Sunday 9 August 2009

How ya' doin'?


We've been pretty busy since the last update.
Yesterday we went to the Olgas (Kata Tjuta) and Shar and I walked the 5.4km round trip to Lookout 2 at the head of the Valley of the Winds. All that walking and cycling practice did not prepare us for the rock scrabbling involved in reaching the look out point. I now know I've got muscles where I didn't know were there previously!

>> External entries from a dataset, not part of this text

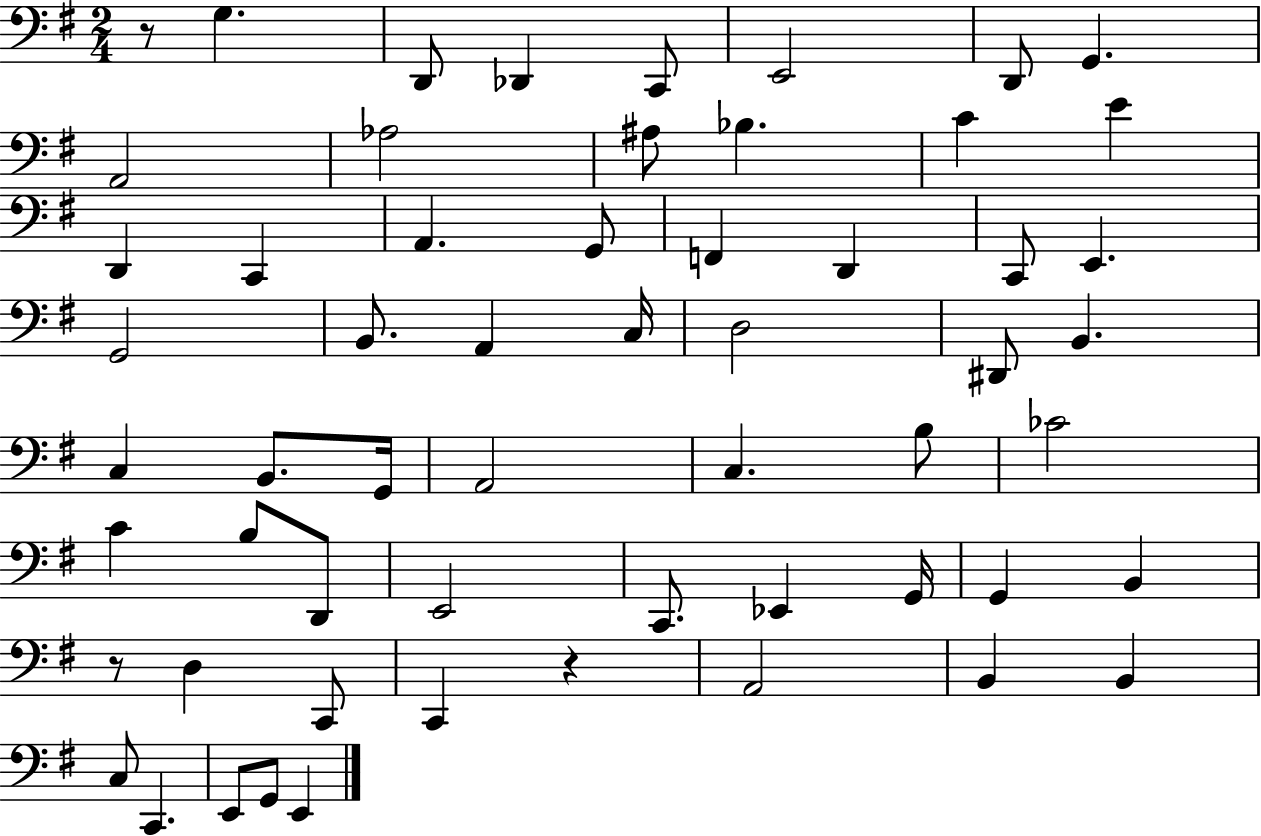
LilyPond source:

{
  \clef bass
  \numericTimeSignature
  \time 2/4
  \key g \major
  \repeat volta 2 { r8 g4. | d,8 des,4 c,8 | e,2 | d,8 g,4. | \break a,2 | aes2 | ais8 bes4. | c'4 e'4 | \break d,4 c,4 | a,4. g,8 | f,4 d,4 | c,8 e,4. | \break g,2 | b,8. a,4 c16 | d2 | dis,8 b,4. | \break c4 b,8. g,16 | a,2 | c4. b8 | ces'2 | \break c'4 b8 d,8 | e,2 | c,8. ees,4 g,16 | g,4 b,4 | \break r8 d4 c,8 | c,4 r4 | a,2 | b,4 b,4 | \break c8 c,4. | e,8 g,8 e,4 | } \bar "|."
}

I was mistaken about the geology of Ularu and Kata Tjuta. They are not the two ends of the same semi buried monolith I'd been led to believe. As explained by our guide these were started as two very large sink holes, some 450 million years ago. Ancient rivers washed debris from the eroding Peterson mountains (these were as big as the Himalyas in those days) filling the two sink holes. Kata Tjuta, being closer to the mountains, filled with the larger boulders and in-filled with rubble. Ularu, is further away (40km from Kata Tjuta) and it filled with finer grade silt. These were BIG sink holes. When the area was covered by an ancient sea some millions of years later the debris in the sink holes was compacted to form rock. Later still the seas retreated and erosion exposed the rubble in the sink holes. Erogenous (!) movements of local fault lines caused the exposed rock to tilt so that the layers are now inclined at about 15 degrees at Kata Tjuta and a fantastic 89 degrees at Ularu.

Today the Kata Tjuta domes are over 300m hight with an estimated 6km of unexposed rock still under the ground. The Kata Tjuta rock is made up of very large boulder aggregate. It is possibly the more spectacular of the two sites.

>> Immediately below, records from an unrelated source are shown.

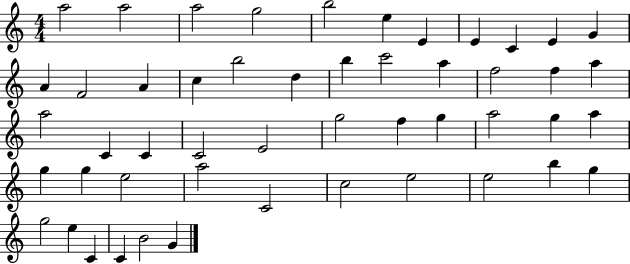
X:1
T:Untitled
M:4/4
L:1/4
K:C
a2 a2 a2 g2 b2 e E E C E G A F2 A c b2 d b c'2 a f2 f a a2 C C C2 E2 g2 f g a2 g a g g e2 a2 C2 c2 e2 e2 b g g2 e C C B2 G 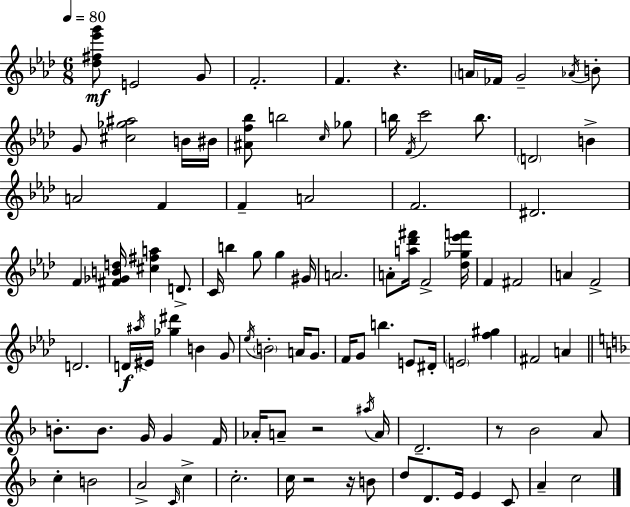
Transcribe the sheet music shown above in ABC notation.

X:1
T:Untitled
M:6/8
L:1/4
K:Fm
[_d^f_e'g']/2 E2 G/2 F2 F z A/4 _F/4 G2 _A/4 B/2 G/2 [^c_g^a]2 B/4 ^B/4 [^Af_b]/2 b2 c/4 _g/2 b/4 F/4 c'2 b/2 D2 B A2 F F A2 F2 ^D2 F [^F_GBd]/4 [^c^fa] D/2 C/4 b g/2 g ^G/4 A2 A/2 [a_d'^f']/4 F2 [_d_g_e'f']/4 F ^F2 A F2 D2 D/4 ^a/4 ^E/4 [_g^d'] B G/2 _e/4 B2 A/4 G/2 F/4 G/2 b E/2 ^D/4 E2 [f^g] ^F2 A B/2 B/2 G/4 G F/4 _A/4 A/2 z2 ^a/4 A/4 D2 z/2 _B2 A/2 c B2 A2 C/4 c c2 c/4 z2 z/4 B/2 d/2 D/2 E/4 E C/2 A c2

Ularu is composed of much finer, almost scale-like, sandstone which has weathered well but has many fine shallow caves and suspended depressions.

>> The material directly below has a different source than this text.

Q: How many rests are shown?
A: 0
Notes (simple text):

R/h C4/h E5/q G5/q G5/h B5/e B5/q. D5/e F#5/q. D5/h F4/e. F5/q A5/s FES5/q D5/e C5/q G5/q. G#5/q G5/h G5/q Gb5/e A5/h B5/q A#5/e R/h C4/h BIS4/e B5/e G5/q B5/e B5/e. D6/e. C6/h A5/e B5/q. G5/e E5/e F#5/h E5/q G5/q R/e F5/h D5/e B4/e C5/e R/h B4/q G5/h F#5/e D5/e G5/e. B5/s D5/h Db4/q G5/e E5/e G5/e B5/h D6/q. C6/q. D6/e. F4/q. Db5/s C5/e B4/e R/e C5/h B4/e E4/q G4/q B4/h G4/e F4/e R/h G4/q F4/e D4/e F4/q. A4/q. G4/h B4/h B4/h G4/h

Sunrise and sunset over these monoliths is every bit as spectacular as we were led to believe. The shifting colours just have to be seen to be appreciated.

Many of the legends of Ularu and Kata Tjuta are kept secret by the local Aboriginals and we'll never know all their stories. However, the reported sacred status of Ularu is a little exagerated and you are not only allowed to climb it, you are positively encouraged! After all the walking of the last few days I limited myself to a short stretch of perhaps a few hundred metres just so I could say I'd climbed Ayres Rock........and got the certificate to prove I'm a Minga......

So, tomorrow, it's off to King's Canyon and another long walk.

BTW, I did photograph the HF antenna on one of the coaches. I did not recognise the little HF radio but it looked remarkably like any VHF mobile I've ever seen. The HF vertical is presumably remotely auto tuned as there is a separate multicore cable connection near to the base of the antenna.

Today the daytime temperature reached 30C, but will fall close to 1C this evening. Tghis place never ceases to remind you it is a DESERT.